• **Work to complete**
From the records that follow, give the number of lines that include the word "Sport", with no further words.

[Crawled caption data]
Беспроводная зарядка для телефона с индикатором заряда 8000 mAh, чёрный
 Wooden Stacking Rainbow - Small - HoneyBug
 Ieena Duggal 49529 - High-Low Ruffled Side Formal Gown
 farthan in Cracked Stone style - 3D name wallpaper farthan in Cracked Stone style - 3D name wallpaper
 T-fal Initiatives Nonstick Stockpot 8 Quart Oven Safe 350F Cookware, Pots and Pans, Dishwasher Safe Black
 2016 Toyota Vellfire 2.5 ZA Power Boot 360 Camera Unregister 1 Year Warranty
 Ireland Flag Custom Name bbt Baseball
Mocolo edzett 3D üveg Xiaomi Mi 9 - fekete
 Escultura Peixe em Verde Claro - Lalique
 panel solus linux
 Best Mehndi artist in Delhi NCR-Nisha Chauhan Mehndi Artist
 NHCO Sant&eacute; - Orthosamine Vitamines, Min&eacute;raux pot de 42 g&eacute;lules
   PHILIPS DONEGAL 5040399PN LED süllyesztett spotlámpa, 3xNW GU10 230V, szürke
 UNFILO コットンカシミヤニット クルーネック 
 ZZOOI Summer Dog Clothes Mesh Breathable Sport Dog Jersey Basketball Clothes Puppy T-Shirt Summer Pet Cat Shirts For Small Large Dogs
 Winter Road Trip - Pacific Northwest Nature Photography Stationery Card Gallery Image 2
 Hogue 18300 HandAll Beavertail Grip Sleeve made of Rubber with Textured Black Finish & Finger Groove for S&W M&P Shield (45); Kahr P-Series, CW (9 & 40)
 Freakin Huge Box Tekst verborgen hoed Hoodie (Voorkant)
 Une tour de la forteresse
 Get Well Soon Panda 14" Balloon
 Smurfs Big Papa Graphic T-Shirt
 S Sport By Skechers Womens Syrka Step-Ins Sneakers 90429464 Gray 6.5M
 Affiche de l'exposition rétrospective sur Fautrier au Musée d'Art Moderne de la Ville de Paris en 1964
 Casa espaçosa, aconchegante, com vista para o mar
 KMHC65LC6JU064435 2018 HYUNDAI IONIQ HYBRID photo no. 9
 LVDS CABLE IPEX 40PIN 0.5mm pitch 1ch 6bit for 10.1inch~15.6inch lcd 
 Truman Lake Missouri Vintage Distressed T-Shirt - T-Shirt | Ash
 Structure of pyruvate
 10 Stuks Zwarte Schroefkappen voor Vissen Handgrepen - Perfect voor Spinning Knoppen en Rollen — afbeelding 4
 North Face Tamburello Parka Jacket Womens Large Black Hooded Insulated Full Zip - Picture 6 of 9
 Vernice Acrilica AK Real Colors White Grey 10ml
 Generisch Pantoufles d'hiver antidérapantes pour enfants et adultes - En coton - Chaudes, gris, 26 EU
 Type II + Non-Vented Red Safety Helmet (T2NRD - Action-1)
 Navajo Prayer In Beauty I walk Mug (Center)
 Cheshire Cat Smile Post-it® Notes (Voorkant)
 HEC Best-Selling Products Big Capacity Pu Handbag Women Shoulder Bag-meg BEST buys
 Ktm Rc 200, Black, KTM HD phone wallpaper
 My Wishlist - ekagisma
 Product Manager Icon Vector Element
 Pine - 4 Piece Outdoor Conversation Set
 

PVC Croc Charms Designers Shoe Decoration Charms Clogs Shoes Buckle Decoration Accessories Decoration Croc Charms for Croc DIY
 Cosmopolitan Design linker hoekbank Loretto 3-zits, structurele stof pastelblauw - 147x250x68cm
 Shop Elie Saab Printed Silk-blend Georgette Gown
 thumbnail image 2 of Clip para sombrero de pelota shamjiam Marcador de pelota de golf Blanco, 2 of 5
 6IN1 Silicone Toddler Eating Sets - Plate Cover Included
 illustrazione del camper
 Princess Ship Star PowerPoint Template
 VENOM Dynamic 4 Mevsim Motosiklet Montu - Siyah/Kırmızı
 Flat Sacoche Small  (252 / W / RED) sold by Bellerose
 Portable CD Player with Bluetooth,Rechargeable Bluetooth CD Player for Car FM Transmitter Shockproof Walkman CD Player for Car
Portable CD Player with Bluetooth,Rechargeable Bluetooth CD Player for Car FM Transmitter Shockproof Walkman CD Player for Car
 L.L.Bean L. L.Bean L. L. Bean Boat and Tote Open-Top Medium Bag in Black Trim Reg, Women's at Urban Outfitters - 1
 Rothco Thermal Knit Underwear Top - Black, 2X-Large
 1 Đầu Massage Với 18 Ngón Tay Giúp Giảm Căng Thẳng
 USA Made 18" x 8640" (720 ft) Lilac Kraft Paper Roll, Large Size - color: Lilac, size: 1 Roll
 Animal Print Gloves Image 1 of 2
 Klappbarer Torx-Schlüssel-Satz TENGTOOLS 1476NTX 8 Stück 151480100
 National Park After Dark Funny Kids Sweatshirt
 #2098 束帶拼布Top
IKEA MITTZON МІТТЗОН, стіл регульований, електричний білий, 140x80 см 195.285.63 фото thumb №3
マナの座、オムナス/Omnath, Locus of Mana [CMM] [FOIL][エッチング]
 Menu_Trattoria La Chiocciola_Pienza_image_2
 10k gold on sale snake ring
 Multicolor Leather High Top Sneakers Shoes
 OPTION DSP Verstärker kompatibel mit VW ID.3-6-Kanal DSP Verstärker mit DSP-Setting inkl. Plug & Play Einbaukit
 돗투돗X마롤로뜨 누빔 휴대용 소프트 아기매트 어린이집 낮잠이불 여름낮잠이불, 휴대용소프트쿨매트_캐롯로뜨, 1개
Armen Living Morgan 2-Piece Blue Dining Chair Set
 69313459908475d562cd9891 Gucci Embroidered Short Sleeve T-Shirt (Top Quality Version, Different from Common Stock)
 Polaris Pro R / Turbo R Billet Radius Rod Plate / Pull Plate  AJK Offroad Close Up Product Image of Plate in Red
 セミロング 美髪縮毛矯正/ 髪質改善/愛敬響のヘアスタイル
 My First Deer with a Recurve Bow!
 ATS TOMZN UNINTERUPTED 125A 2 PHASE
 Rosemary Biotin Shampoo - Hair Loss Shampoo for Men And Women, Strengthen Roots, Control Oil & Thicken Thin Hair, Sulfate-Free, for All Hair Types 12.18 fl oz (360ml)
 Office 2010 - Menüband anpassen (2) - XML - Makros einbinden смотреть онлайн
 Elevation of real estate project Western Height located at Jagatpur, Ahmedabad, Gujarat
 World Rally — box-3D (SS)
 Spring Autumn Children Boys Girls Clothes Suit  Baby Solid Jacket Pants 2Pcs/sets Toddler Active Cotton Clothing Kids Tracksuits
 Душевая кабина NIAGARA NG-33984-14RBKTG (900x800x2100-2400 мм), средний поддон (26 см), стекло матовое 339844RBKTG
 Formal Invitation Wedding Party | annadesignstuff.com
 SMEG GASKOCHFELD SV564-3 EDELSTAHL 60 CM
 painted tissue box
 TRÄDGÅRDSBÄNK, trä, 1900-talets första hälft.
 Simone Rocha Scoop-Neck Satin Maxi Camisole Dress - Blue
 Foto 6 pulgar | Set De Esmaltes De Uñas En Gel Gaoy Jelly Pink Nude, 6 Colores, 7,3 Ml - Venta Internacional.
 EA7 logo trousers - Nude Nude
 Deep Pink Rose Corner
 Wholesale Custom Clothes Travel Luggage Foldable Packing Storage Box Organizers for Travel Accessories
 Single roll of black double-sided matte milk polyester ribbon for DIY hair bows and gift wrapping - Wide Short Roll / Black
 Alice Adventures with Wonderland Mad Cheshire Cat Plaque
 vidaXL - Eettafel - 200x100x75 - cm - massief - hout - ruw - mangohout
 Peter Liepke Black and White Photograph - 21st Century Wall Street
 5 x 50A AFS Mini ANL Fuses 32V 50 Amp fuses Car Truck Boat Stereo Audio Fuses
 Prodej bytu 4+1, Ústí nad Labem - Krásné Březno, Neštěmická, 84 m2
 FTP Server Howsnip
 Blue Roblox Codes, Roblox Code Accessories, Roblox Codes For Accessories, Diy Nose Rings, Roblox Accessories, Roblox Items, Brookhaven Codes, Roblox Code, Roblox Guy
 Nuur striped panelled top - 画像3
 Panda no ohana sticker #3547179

• **The completed task**
2